Documentary collection is a form of trade finance in which an exporter is paid for its goods by an importer after the two parties' banks exchange the required documents. The exporter's bank collects funds from the importer's bank in exchange for documents releasing title to the shipped merchandise, usually after the goods arrive at the importer's location.

Key Takeaways

  • Documentary collection is method of trade finance in which an exporter's bank forwards documents to an importer's bank and collects payment for shipped goods.
  • Documentary collection is less common than advance cash payment and open account terms, particularly in countries with weak enforcement of contracts.
  • Documents against payment require the importer to pay the amount of the draft at sight. Documents against acceptance require payment by a specified date.

Understanding Documentary Collection

Documentary collection is so-called because the exporter receives payment from the importer in exchange for the shipping documents. Shipping documents are required for the buyer to clear the goods through customs and take delivery.

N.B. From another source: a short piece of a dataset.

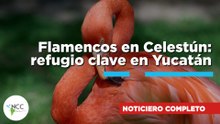 Flamencos en Celestún: refugio clave en Yucatán | 848 | 23 al 29 de marzo de 2026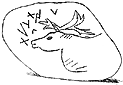 gravure de renne sur galet inscrit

They include a commercial invoice, certificate of origin, insurance certificate, and packing list. 

A key document in a documentary collection is the bill of exchange or draft, which is a formal demand for payment from the exporter to importer.

Documentary collection is less common than other forms of trade finance, such as letters of credit and advance payment. It is less expensive than some methods but also somewhat riskier, so is generally limited to transactions between parties who have developed trust or are located in countries with strong legal systems and contract enforcement.

A sight draft reduces the exporter's risk because the buyer's bank will not release the documents without payment from the buyer, but neither side's bank assumes any financial responsibility in a documentary collection transaction.

Two Types of Documentary Collection

Documentary collections falls into two basic categories, depending on when the payment is made to the exporter:

  1. Documents against payment require the importer to pay the face amount of the draft at sight. In other words, the payment must be made to the bank when the buyer is presented with the draft, and before any shipping documents are released. This is the most common form of documentary collection because of the reduced risk for the seller.
  2. Documents against acceptance require the importer to pay on a specified date. Once the buyer accepts the time draft, the bank releases the documents to the buyer.

Steps in Export and Documentary Collection

Below is the step-by-step process:

  1. The sale is made when the buyer and seller agree on the amount to be paid, the shipping details, and that the transaction will be a documentary collection. Then, the exporter delivers the goods to the port or location where the merchandise will be exported from, which is usually through a freight forwarder.
  2. The documents are prepared and sent to the exporter's bank, which is also known as the remitting bank. The exporter's bank then forwards the documents to the importer’s bank, which is known as the collecting bank.
  3. The importer's or buyer's bank receives the documents and notifies the buyer that documents have been received. The buyer's bank requests payment from the buyer in exchange for the documents.
  4. Once the buyer's bank has been paid, or the buyer has accepted the time draft, the bank releases the documents to the buyer. The buyer uses the documents to collect the merchandise.

Other Considerations: The Risks of Documentary Collections

The exporter's risk is higher with a time draft versus a sight draft, as the buyer's bank would have released the documents with the buyer's acceptance of the time draft—meaning the buyer could already have possession of the merchandise by the time payment is due.

The seller's risk is limited with a sight draft. This is because the buyer's bank would not release the documents needed to take possession of the goods before payment is made. At worst, the seller would have to find another buyer or pay to have the goods shipped back.